Jan Philipp Sternberg, Auswanderungsland Bundesrepublik. Denkmuster und Debatten in Politik und Medien 1945 – 2010 (Studien zur Historischen Migrationsforschung, Bd. 26, Paderborn: Ferdinand Schöningh Verlag, 2012)

Even for me, a migrant from Germany: when I saw the title, I have to admit, I misread it and assumed that immigration would be the topic of the book. German emigrants do not play a big role in the public perception compared to other European countries like Italy or Ireland. Moreover, in Germany, if one does speak of emigrants, then it refers mainly to Germans fleeing from Nazi Germany – as symbolised through Thomas Mann and Berthold Brecht – or, to a far lesser extent, the 19th-century adventurer leaving for the new World.

The nearly 800,000 Germans leaving the Federal Republic of Germany in the years between 1949 and 1961 do not belong to either of these categories. Sternberg, in his well-researched study, looks at the changing public image of emigrants in Germany and the political discourse around their emigration. He covers the year from 1949 until 2010, but his main focus are the years until 1961. After 1961, the numbers of emigrants drop significantly, since in 1961 full employment had been reached in Germany and only after Germany’s reunification in 1989 the numbers rise again.

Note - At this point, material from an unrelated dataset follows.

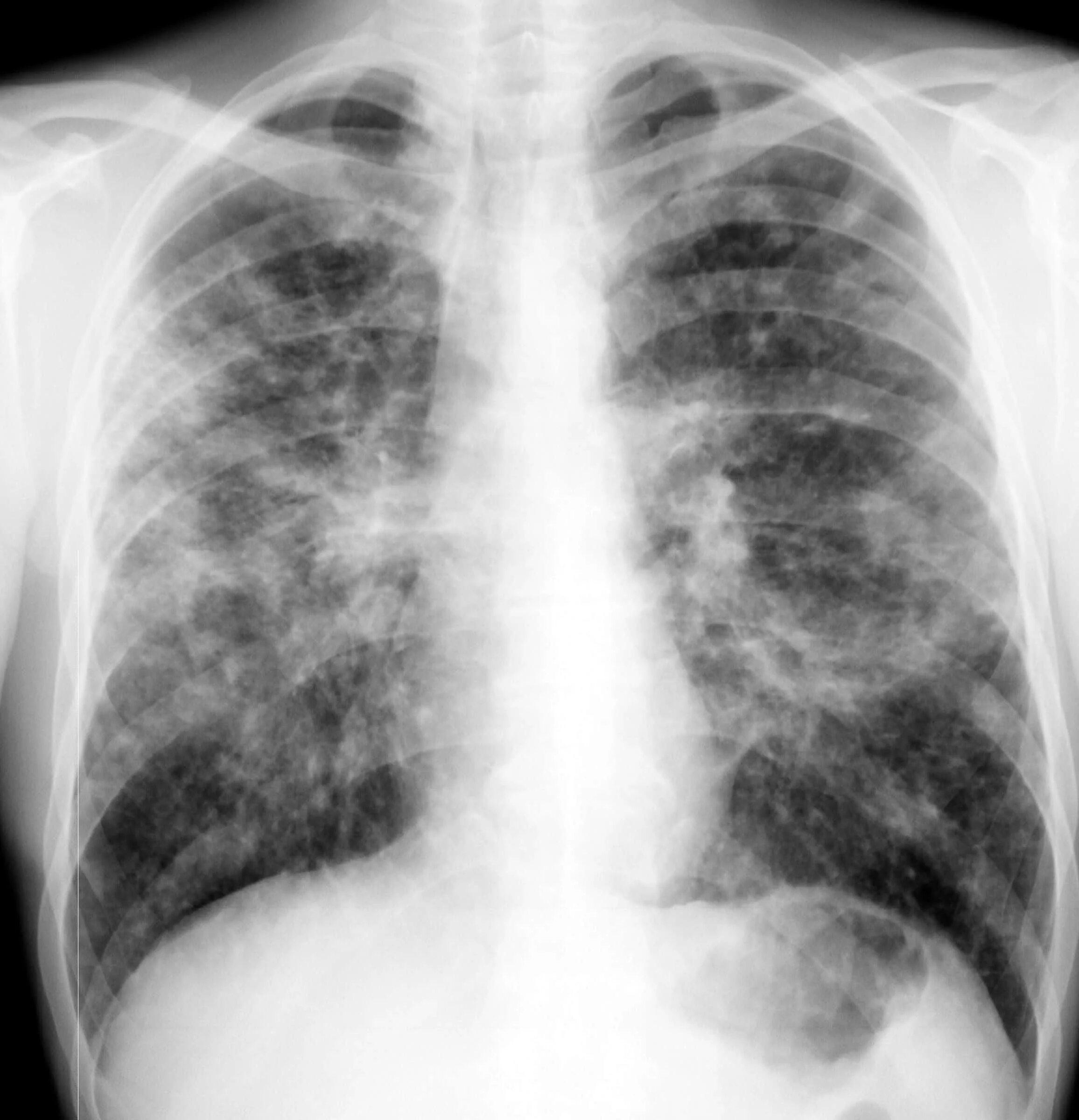 Внутренний туберкулез. Миллиарныйтуберкулез легких рентген. Милиарный туберкулез рентген. Миллиарный туберкулёз рентген.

Sternberg observes that in many respects immigration and emigration are treated in Germany as the two sides of the same medal. For a longer time both emigration and immigration were ignored or even denied as a political reality and, if spoken in the public discourse, treated as a fearful threat to Germany.

Sternberg contributes with his work to a cultural history of West Germany. The changing public discourse on emigration reflects the changes within society. The debate in the 1940s and 1950s was dominated by the notion of loss of human capital. In the new century, we speak instead of the “brain drain”, whereby the “most valuable members” of the German people are turned by the media into a sort of soap opera, since a documentary on emigration has all the dramatic ingredients that a program director could dream of. As Sternberg quotes the woman in charge for “Deutschland ade”: “Where else you find so much interest in adventure, daring and longing for happiness? What else provides stories like this, which carry a risk of failure in itself, tell of sorrow, hope, fear and happiness? All reasons why the SWR [the television channel] is enthusiastic about emigration as a subject. It is material for a serial par excellence.” (p.222)

One just wishes that historians and social scientists may realise this as well and start doing more research on it.